> **Exercise directions**
Set down, please, exactly the lines below that run from the line with "Thumbnail: 2022 Chevrolet Colorado - 17" to the line with "Apartmán Stilvolle 4", both lines included.

[Collection entries]
* * *
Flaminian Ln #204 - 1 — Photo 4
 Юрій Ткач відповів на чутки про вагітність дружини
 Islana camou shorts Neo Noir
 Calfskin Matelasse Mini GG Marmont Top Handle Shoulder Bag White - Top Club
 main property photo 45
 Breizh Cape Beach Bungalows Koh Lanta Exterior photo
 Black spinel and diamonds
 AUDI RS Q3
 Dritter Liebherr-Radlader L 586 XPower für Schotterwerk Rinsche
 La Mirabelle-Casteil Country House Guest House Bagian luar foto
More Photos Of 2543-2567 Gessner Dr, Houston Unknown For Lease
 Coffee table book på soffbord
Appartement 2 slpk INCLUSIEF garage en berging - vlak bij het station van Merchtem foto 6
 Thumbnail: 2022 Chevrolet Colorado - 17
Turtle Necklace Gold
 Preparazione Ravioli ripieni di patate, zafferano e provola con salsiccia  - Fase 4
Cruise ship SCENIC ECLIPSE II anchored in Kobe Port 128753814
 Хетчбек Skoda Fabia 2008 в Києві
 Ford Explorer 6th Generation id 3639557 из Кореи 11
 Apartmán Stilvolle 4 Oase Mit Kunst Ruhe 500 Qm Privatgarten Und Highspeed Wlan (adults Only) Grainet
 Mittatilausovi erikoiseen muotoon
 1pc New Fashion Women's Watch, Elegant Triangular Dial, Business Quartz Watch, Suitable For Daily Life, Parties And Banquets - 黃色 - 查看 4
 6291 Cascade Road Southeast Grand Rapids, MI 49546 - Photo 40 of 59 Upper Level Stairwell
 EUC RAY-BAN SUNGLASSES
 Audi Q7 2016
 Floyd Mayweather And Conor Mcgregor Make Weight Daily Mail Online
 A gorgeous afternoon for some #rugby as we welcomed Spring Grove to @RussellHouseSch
* * *
> **Exercise result**
 Thumbnail: 2022 Chevrolet Colorado - 17
Turtle Necklace Gold
 Preparazione Ravioli ripieni di patate, zafferano e provola con salsiccia  - Fase 4
Cruise ship SCENIC ECLIPSE II anchored in Kobe Port 128753814
 Хетчбек Skoda Fabia 2008 в Києві
 Ford Explorer 6th Generation id 3639557 из Кореи 11
 Apartmán Stilvolle 4 Oase Mit Kunst Ruhe 500 Qm Privatgarten Und Highspeed Wlan (adults Only) Grainet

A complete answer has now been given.